Chairman Gregory Jaczko went on to challenge the Japanese assessment of the danger, stating, "We would recommend an evacuation to a much larger radius than has currently been provided by Japan.
" Even the Times suggested that "[t]hat assessment seems bound to embarrass, if not anger, Japanese officials, suggesting they have miscalculated the danger or deliberately played down the risks.
" Why the Obama administration would choose to challenge or contradict the onsite assessment by the Japanese authorities, who certainly have an interest in protecting their own people and homeland, is difficult to understand.
It would seem that the Japanese government and Tokyo Electric Power, with personnel on the scene, are in the best position to ascertain the seriousness of the crisis.

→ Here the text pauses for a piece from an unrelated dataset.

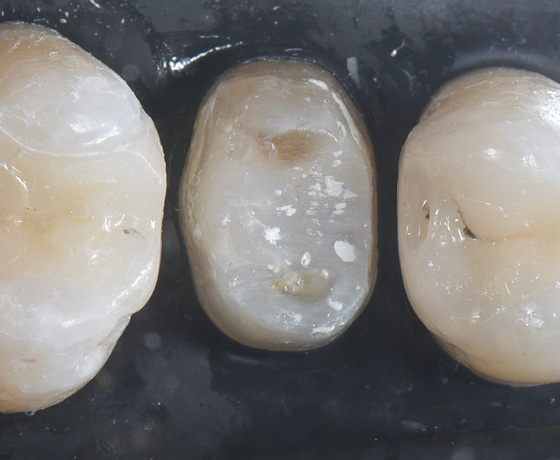 Upper molar and upper premolar partial restorations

Certainly, little is gained by the United States' suggesting that Japan has minimized the disaster or that the Japan government's evacuation plans are inadequate.

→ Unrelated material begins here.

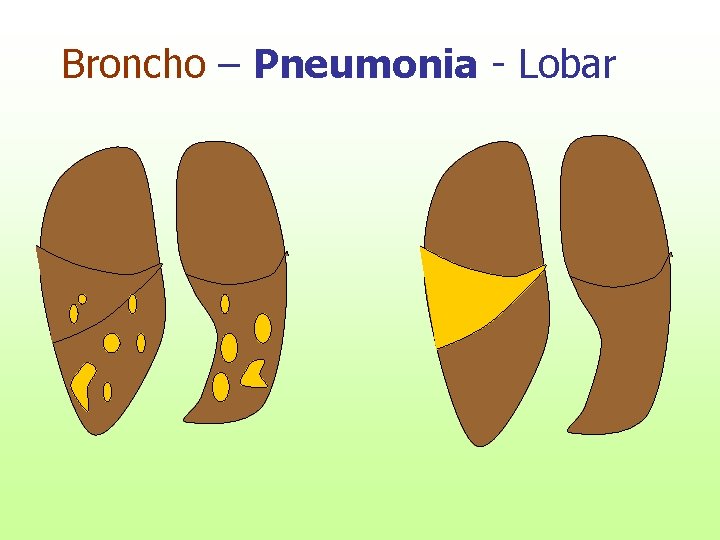 Broncho – Pneumonia - Lobar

And there is some hypocrisy in the Obama administration, which itself promised transparency but has been among the most opaque Presidencies in memory, now claiming that Japan has withheld information about the crisis.
The answer may lie in the agenda driven policies of this administration and its appointees.
NRC Commissioner Jaczko, a longtime critic of nuclear power, was appointed to the post by President Obama in 2009.
Jaczko, who had previously served as current Senate Majority Leader Harry Reid's appropriations director and science policy advisor, was originally appointed to the NRC by George W.
Bush as part of a broader compromise with Democrats who had opposed numerous Bush nominations.
Because Jaczko had already been confirmed by the Senate when he was appointed to the five person NRC board in 2005, Senate confirmation was not required when he was appointed by President Obama to head the Commission in 2009.
Like many other confirmed and unconfirmed Obama appointees, Jaczko seems to have allowed his left-leaning prejudices to influence the execution of his functions as member of the Obama administration.
Critics of nuclear power, hoping to sour a national mood that had been swinging toward acceptance of atomic energy as a viable, and green, alternative to fossil fuels, have painted a particularly dire picture of Japan's nuclear crisis.
Not wishing to let a crisis go to waste, these opponents of nuclear power have painted Fukushima as proof that nuclear power is far too dangerous to consider as an alternative energy source.
So, when the Japanese authorities suggest that the events unfolding at Fukushima are anything short of the apocalypse, the Obama administration and its liberal acolytes recoil -- accusing Japan of being less than truthful.
If the United States throws yet another ally under the bus, even during it times of heart-wrenching national crisis, c'est la guerre.
We marvel at the grace and dignity of the Japanese people as they fight through the unimaginable tragedy that has stricken this great nation.
Our thoughts and prayers are with them during their time of need, support and understanding.